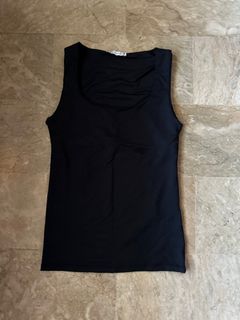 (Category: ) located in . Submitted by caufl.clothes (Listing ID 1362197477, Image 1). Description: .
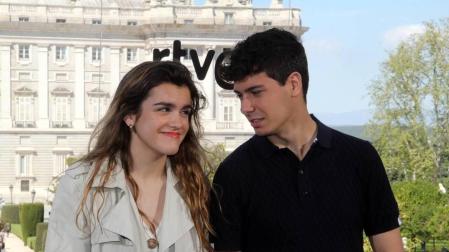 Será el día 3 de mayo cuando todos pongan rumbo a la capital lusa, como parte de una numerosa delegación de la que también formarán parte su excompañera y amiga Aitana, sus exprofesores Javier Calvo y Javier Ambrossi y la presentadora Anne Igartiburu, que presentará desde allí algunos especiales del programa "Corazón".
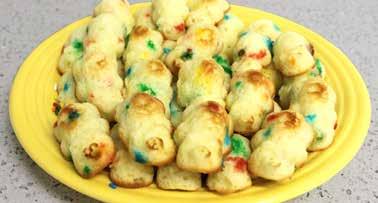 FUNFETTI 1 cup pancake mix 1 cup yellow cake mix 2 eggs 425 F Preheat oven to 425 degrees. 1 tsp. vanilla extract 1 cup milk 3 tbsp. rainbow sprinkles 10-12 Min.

++++

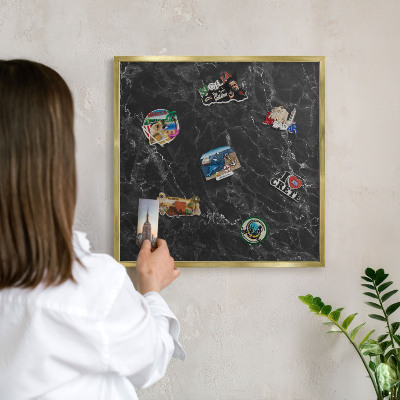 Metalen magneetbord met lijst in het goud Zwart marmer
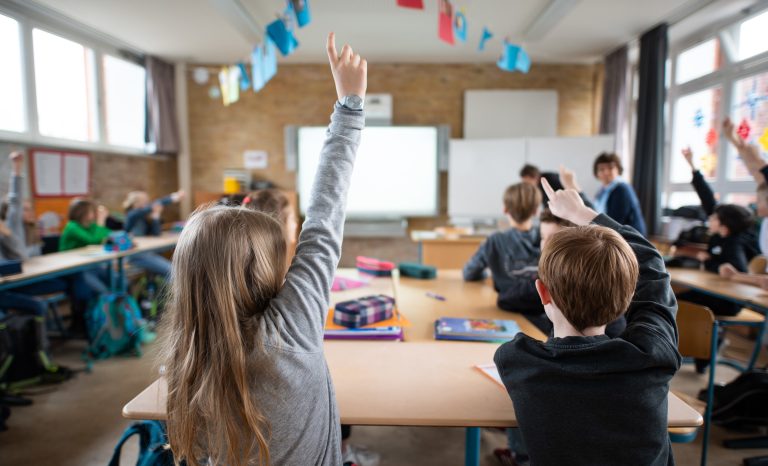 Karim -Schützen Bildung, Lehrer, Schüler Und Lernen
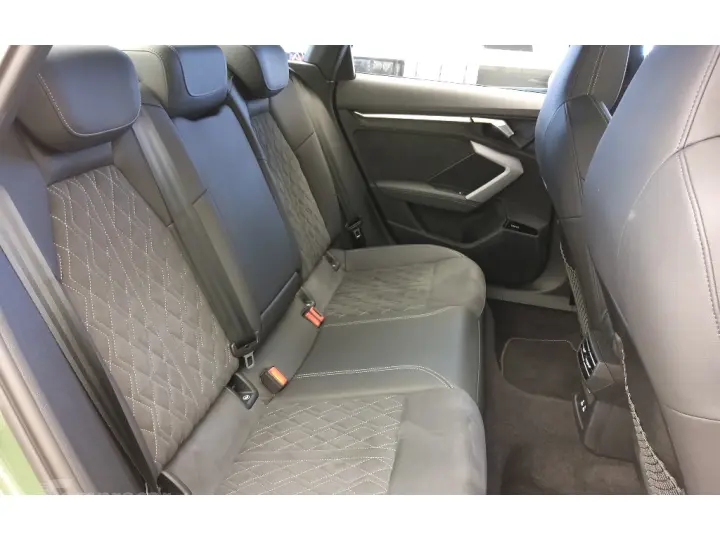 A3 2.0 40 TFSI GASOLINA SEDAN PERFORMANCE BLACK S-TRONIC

++++

● **PROBLEM DETAILS**:
How would the lines above read from the one with "(Category: ) located" to the one with "FUNFETTI 1 cup", inclusive, with no pictures? Write them out exactly.

● **ANSWER SECTION**:
 (Category: ) located in . Submitted by caufl.clothes (Listing ID 1362197477, Image 1). Description: .
 Será el día 3 de mayo cuando todos pongan rumbo a la capital lusa, como parte de una numerosa delegación de la que también formarán parte su excompañera y amiga Aitana, sus exprofesores Javier Calvo y Javier Ambrossi y la presentadora Anne Igartiburu, que presentará desde allí algunos especiales del programa "Corazón".
 FUNFETTI 1 cup pancake mix 1 cup yellow cake mix 2 eggs 425 F Preheat oven to 425 degrees. 1 tsp. vanilla extract 1 cup milk 3 tbsp. rainbow sprinkles 10-12 Min.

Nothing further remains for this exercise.